Kita semua mungkin sudah pernah mengikuti tes intelejensi. Seberapa akuratkah alat tesnya? Seberapa bermanfaatkah hasilnya? Jawabannya tentu bervariasi. Ingin alat tes yang lebih akurat dan bermanfaat? Silahkan coba alat tes yang berikut ini.
Dibanding alat tes intelejensi, alat tes ini jauh lebih simple, tidak perlu pusing tujuh keliling, tidak perlu waktu berjam-jam dan tidak perlu belajar semalaman. Cermati analogi berikut ini. Jika ada seseorang yang diberi pilihan dua jenis hadiah, yang pertama sebuah mobil Ferarri keluaran terbaru, plus bensin, biaya perawatanselamanya, pajak ditanggung pemberi, ditambah rumah super mewah plus isinya, plus biaya hidup selamanya. Pilihan kedua adalah sebuah becak plus gubuk di pinggir kali kumuh. Jika orang tersebut mengambil pilihan ke dua, apa penilaian anda? 100% anda semua akan mengatakan orang tersebut tolol, bego, oon dan sejenisnya. Boleh-boleh saja anda memberi comment seperti itu, tapi faktanya, orang semacam itu sangat banyak, berjuta-juta di negri ini. Mari kita tes seberapa tolol penduduk negri ini.
Kedua pilihan di atas sebenarnya belum seberapa. Cobalah renungkan apa pilihan hadiah yang Tuhan berikan pada kita, cuma dua juga: surga dan neraka, nikmat dan sengsara. Manakah yang terbanyak dipilih?

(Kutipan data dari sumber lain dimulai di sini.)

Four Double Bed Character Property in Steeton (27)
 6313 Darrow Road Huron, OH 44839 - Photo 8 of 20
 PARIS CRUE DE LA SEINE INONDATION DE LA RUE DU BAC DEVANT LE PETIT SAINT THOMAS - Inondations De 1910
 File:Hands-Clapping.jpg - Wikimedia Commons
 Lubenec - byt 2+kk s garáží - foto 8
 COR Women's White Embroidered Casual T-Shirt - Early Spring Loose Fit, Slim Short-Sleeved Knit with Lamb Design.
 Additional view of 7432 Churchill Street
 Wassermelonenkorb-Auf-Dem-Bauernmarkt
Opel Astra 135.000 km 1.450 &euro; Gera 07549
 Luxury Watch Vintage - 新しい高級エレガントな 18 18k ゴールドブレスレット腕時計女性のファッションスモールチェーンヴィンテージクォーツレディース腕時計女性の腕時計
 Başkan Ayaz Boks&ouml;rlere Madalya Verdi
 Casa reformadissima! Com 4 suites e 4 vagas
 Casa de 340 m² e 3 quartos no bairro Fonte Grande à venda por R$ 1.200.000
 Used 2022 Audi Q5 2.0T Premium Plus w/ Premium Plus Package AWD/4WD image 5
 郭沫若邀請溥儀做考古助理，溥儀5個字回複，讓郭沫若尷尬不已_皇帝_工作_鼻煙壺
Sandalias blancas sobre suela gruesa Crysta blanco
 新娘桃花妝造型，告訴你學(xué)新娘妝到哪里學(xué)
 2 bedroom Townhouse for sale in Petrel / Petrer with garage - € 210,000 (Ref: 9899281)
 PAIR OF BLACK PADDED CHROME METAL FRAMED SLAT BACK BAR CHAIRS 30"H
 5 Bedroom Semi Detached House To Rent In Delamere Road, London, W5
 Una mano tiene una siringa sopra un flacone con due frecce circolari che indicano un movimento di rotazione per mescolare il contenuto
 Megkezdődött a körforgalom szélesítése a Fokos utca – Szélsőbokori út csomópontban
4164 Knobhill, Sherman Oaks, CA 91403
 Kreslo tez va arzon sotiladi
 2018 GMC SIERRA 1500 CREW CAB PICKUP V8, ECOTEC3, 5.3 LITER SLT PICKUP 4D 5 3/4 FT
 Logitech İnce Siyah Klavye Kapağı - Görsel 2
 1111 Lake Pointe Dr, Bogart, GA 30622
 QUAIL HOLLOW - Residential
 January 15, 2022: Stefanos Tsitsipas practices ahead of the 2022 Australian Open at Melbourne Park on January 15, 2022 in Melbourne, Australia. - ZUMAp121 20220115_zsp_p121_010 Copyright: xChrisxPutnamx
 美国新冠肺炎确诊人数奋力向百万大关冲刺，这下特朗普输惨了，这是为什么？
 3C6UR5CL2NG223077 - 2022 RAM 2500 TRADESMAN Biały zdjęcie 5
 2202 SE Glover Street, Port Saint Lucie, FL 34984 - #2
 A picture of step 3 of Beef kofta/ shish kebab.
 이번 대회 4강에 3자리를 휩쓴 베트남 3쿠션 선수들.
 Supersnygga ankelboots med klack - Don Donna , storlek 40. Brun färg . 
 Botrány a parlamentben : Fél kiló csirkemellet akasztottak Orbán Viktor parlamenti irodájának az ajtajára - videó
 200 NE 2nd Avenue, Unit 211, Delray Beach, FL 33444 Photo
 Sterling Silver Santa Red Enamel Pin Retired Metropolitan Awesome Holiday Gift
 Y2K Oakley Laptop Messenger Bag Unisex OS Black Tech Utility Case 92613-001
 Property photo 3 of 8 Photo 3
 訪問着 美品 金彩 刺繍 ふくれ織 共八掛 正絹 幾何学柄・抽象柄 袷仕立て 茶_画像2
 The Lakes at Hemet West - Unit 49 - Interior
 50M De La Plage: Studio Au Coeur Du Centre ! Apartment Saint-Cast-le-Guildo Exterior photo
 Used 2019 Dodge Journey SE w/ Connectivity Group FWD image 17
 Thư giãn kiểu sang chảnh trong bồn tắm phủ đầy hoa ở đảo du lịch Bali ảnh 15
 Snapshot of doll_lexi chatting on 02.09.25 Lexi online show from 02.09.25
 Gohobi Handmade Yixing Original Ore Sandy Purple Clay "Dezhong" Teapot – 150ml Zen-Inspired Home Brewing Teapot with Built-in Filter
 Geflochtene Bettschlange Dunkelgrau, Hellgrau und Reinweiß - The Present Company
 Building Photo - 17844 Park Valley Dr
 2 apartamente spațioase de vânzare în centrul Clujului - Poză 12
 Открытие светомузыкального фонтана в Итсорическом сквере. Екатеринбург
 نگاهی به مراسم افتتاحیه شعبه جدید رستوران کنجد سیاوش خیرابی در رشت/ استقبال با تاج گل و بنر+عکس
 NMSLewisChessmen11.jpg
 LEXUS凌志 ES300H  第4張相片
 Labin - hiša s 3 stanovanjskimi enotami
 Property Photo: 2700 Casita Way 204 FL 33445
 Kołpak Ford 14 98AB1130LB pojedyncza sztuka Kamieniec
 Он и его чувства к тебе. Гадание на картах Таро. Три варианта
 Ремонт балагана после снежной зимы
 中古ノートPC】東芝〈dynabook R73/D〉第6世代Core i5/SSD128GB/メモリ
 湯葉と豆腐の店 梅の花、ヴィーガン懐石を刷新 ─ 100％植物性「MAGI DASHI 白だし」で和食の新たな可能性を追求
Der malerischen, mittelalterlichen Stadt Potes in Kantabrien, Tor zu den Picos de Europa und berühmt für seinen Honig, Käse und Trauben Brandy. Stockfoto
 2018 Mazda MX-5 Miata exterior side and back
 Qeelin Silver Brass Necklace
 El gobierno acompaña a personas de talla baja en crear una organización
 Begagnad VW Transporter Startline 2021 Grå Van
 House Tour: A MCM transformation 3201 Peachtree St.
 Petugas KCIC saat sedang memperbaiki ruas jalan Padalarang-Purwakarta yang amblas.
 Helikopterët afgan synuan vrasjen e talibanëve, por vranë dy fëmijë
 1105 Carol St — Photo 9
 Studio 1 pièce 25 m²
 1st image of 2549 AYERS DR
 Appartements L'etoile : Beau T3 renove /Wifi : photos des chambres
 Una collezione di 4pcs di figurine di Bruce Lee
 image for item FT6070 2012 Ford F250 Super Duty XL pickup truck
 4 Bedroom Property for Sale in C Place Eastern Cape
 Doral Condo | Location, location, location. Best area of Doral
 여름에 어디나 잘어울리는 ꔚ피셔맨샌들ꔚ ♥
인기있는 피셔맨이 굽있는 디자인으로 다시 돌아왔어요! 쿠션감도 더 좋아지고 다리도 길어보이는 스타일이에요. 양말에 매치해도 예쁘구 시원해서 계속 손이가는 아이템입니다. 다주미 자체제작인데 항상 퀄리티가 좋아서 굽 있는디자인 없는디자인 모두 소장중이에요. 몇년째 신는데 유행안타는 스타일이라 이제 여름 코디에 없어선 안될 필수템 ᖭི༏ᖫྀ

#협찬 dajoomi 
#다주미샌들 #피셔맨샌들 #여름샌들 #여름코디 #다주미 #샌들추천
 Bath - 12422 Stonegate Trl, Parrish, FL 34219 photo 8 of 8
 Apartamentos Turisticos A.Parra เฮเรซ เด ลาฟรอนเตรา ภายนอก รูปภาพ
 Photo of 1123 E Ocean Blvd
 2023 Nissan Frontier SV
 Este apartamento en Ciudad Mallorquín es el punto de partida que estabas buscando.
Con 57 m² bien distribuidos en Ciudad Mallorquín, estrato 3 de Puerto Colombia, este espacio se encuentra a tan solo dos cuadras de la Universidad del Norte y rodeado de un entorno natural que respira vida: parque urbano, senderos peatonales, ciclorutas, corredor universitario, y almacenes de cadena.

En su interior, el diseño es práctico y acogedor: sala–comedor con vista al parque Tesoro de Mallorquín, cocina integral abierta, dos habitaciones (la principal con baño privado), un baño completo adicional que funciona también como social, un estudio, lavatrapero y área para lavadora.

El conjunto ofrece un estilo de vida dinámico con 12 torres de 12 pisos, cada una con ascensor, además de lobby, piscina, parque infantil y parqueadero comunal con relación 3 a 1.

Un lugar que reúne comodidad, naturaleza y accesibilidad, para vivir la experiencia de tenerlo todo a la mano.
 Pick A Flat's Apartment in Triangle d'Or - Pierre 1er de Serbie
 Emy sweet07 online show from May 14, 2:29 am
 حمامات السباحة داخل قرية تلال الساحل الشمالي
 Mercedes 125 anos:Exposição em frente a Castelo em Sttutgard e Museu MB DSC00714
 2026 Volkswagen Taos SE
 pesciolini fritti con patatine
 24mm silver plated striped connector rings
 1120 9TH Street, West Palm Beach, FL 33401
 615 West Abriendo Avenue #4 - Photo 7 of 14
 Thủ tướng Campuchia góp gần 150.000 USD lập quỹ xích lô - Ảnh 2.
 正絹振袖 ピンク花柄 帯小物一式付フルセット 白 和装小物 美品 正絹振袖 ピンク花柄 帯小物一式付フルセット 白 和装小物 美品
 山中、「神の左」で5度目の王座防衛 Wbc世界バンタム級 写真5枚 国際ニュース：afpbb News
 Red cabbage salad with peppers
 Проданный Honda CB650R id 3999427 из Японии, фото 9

Kita mulai dari orang-orang yang berada di kalangan atas. Yang pertama, para pemimpin. Para pemimpin merupakan orang-orang yang paling banyak diberi Tuhan karunia. Mereka mempunyai pekerjaan yang enak, kehormatan dan tiket ke surga yang sangat banyak, apalagi jika dia seorang kepala negara. Menyenangkan hati satu orang saja, Tuhan pasti memberi pahala yang besar, apalagi menyenangkan hati orang satu negara, pastilah surga balasannya. Tapi pilihan mana yang diambil para pemimpin itu? Banyak yang memilih menyengsarakan rakyatnya. Menyakiti hati satu orang saja pastilah berdosa. Ini menyengsarakan rakyat berjuta-juta, balasan apa yang akan Tuhan berikan? Menurut tes intelejensi pastilah mereka orang-orang cerdas. Tapi bila mereka mengikuti tes ini?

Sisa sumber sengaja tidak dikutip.